The first to go on the verbal rampage is Veronica (Flor De Liz Perez, pictured above), whose opening monologue tips us off at once to the emotional extremes that typify Guirgis-land. Laying comic but also pointed waste to her (unseen) mother's choice of men, Veronica soon directs her coke-fueled energies at longtime boyfriend Jackie (Chavira), an ex-con who looks to be grabbing hold of life afresh – or would be if he weren't done in by suspicion over the unexplained appearance in their Times Square hostelry of a hat that comes to symbolise all manner of betrayals. The handkerchief in Othello is a comparative bagatelle. 

What ensues across nine scenes (no interval) is a round-robin of shifting affections and allegiances that spirals out beyond this sparring duo to take in a second combative couple, Jackie's sponsor Ralph (Newman) and his envenomed wife Victoria (Nathalie Armin), as well as Jackie's fluttery yet fierce cousin, Julio (the priceless Yul Vázquez, the cast's lone hold-over from New York): an apparently pansexual health-food hipster who is no stranger himself to talking the talk. How often have you heard "Van Damme" used as a verb (Vázquez pictured above)?

A bit like the cheerfully sententious Ralph himself, Guirgis has a habit of elaborating his themes ("we're all gonna die anyway," is Ralph's unarguable view of things), and one misses on this occasion the sense of life caught on the lam that coursed through a New York production that was in every way more helpfully in your face – that's to say, not enveloped in the visual limbo on view here. (The sloping platforms are there to reflect the destabilisation of the characters, or so one assumes.)

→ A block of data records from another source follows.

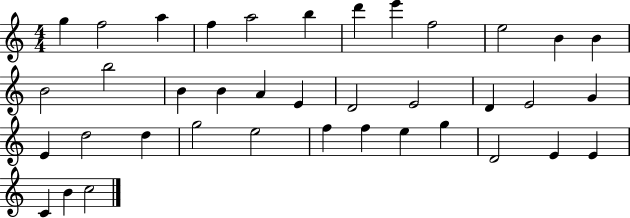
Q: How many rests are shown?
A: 0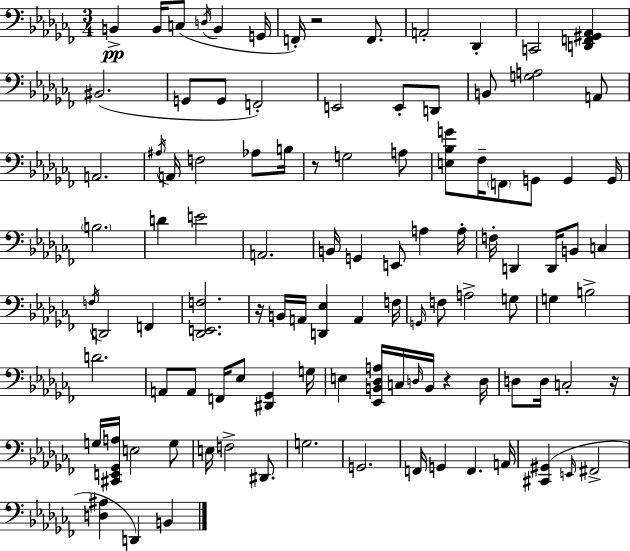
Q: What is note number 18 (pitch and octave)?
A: D2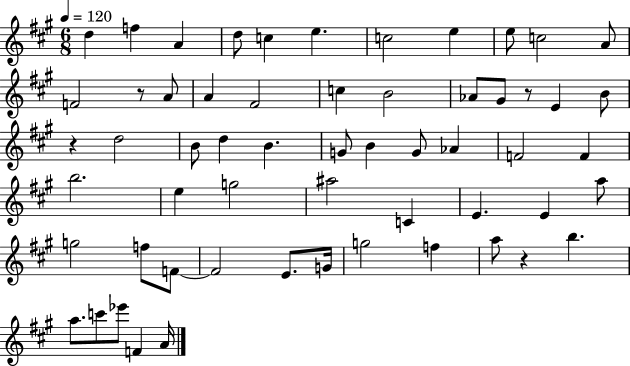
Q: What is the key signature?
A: A major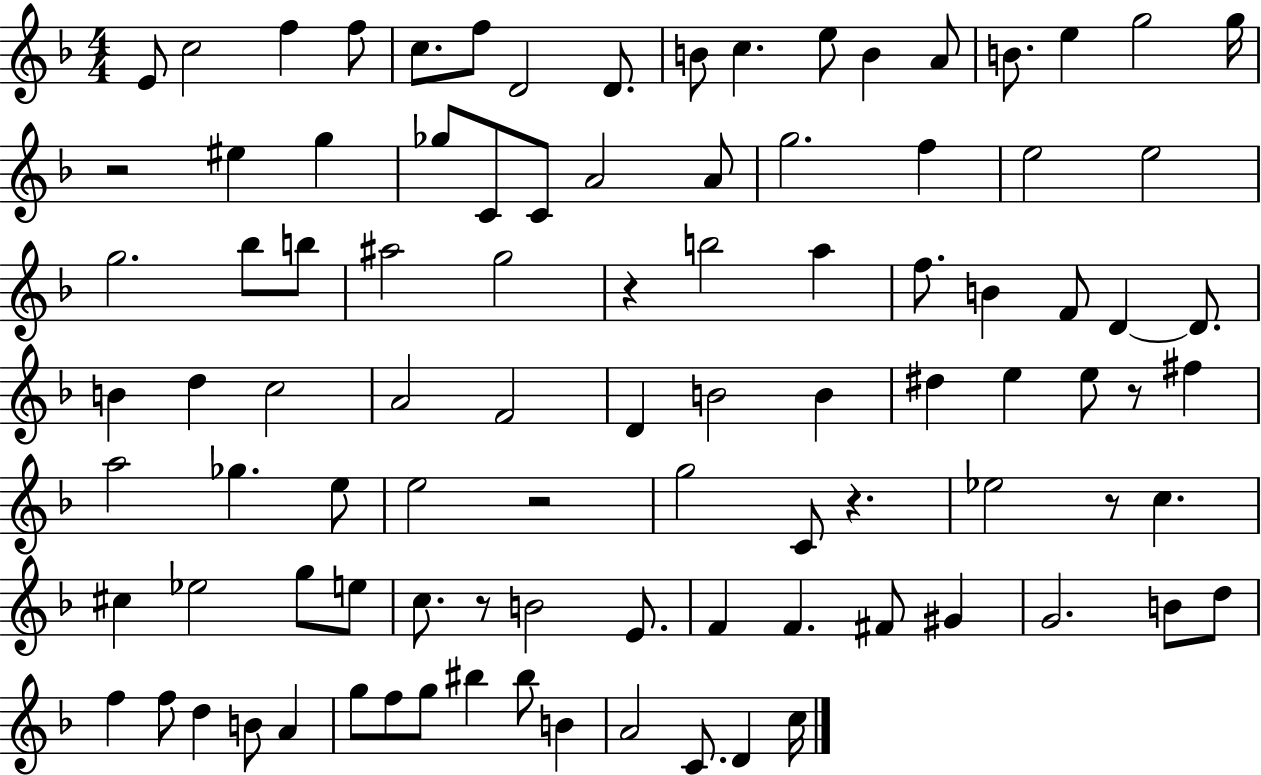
{
  \clef treble
  \numericTimeSignature
  \time 4/4
  \key f \major
  e'8 c''2 f''4 f''8 | c''8. f''8 d'2 d'8. | b'8 c''4. e''8 b'4 a'8 | b'8. e''4 g''2 g''16 | \break r2 eis''4 g''4 | ges''8 c'8 c'8 a'2 a'8 | g''2. f''4 | e''2 e''2 | \break g''2. bes''8 b''8 | ais''2 g''2 | r4 b''2 a''4 | f''8. b'4 f'8 d'4~~ d'8. | \break b'4 d''4 c''2 | a'2 f'2 | d'4 b'2 b'4 | dis''4 e''4 e''8 r8 fis''4 | \break a''2 ges''4. e''8 | e''2 r2 | g''2 c'8 r4. | ees''2 r8 c''4. | \break cis''4 ees''2 g''8 e''8 | c''8. r8 b'2 e'8. | f'4 f'4. fis'8 gis'4 | g'2. b'8 d''8 | \break f''4 f''8 d''4 b'8 a'4 | g''8 f''8 g''8 bis''4 bis''8 b'4 | a'2 c'8. d'4 c''16 | \bar "|."
}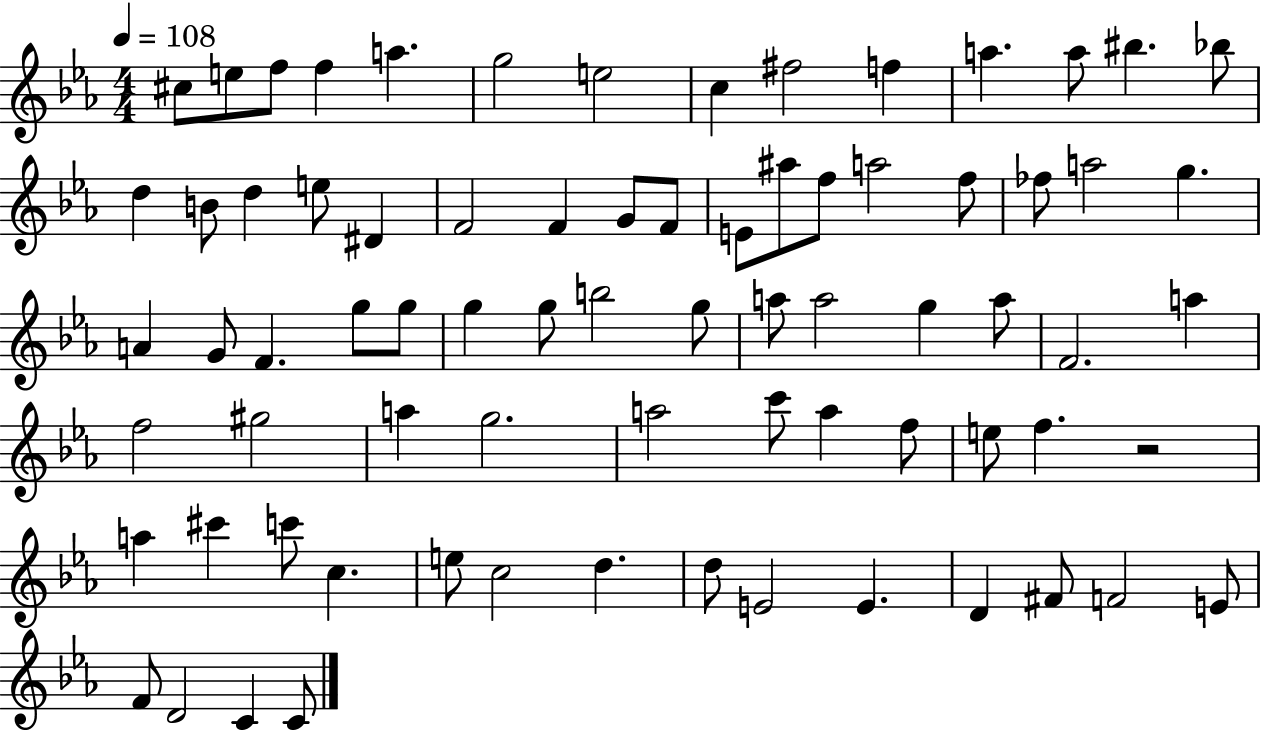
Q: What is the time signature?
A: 4/4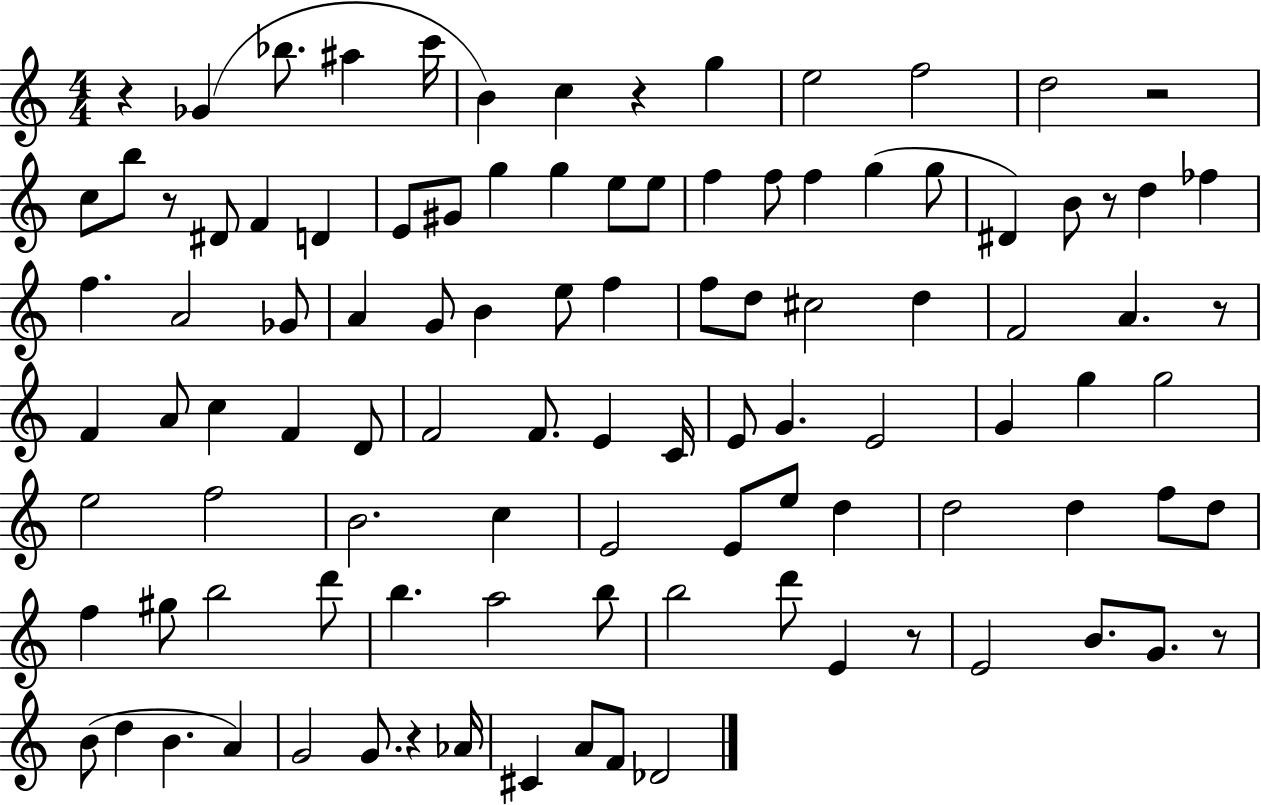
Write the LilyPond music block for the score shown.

{
  \clef treble
  \numericTimeSignature
  \time 4/4
  \key c \major
  \repeat volta 2 { r4 ges'4( bes''8. ais''4 c'''16 | b'4) c''4 r4 g''4 | e''2 f''2 | d''2 r2 | \break c''8 b''8 r8 dis'8 f'4 d'4 | e'8 gis'8 g''4 g''4 e''8 e''8 | f''4 f''8 f''4 g''4( g''8 | dis'4) b'8 r8 d''4 fes''4 | \break f''4. a'2 ges'8 | a'4 g'8 b'4 e''8 f''4 | f''8 d''8 cis''2 d''4 | f'2 a'4. r8 | \break f'4 a'8 c''4 f'4 d'8 | f'2 f'8. e'4 c'16 | e'8 g'4. e'2 | g'4 g''4 g''2 | \break e''2 f''2 | b'2. c''4 | e'2 e'8 e''8 d''4 | d''2 d''4 f''8 d''8 | \break f''4 gis''8 b''2 d'''8 | b''4. a''2 b''8 | b''2 d'''8 e'4 r8 | e'2 b'8. g'8. r8 | \break b'8( d''4 b'4. a'4) | g'2 g'8. r4 aes'16 | cis'4 a'8 f'8 des'2 | } \bar "|."
}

At the same time, I can't imagine passing up the opportunity to see this cast, Chavira in particular suggesting the manchild that is Bobby in full gun-toting flow, all the while exhibiting stage chops to make one wonder why this TV name isn't a more formidable presence on the American stage. As for the off-colour title, rest assured that even David Mamet in his prime doesn't wield the F-bomb so deftly, and if I lost track after a while of the number of times the expletive is used, one never loses sight of the abiding charity – sweetness, even – that is brought to bear on a feral world. Beneath the mounting and varied betrayals beats a ceaseless heart.


I thought the production was pitch perfect and very moving. Perhaps sitting in Row A of the stalls is the answer to the immediacy problem. Highly appreciated, even by an audience of OAPs.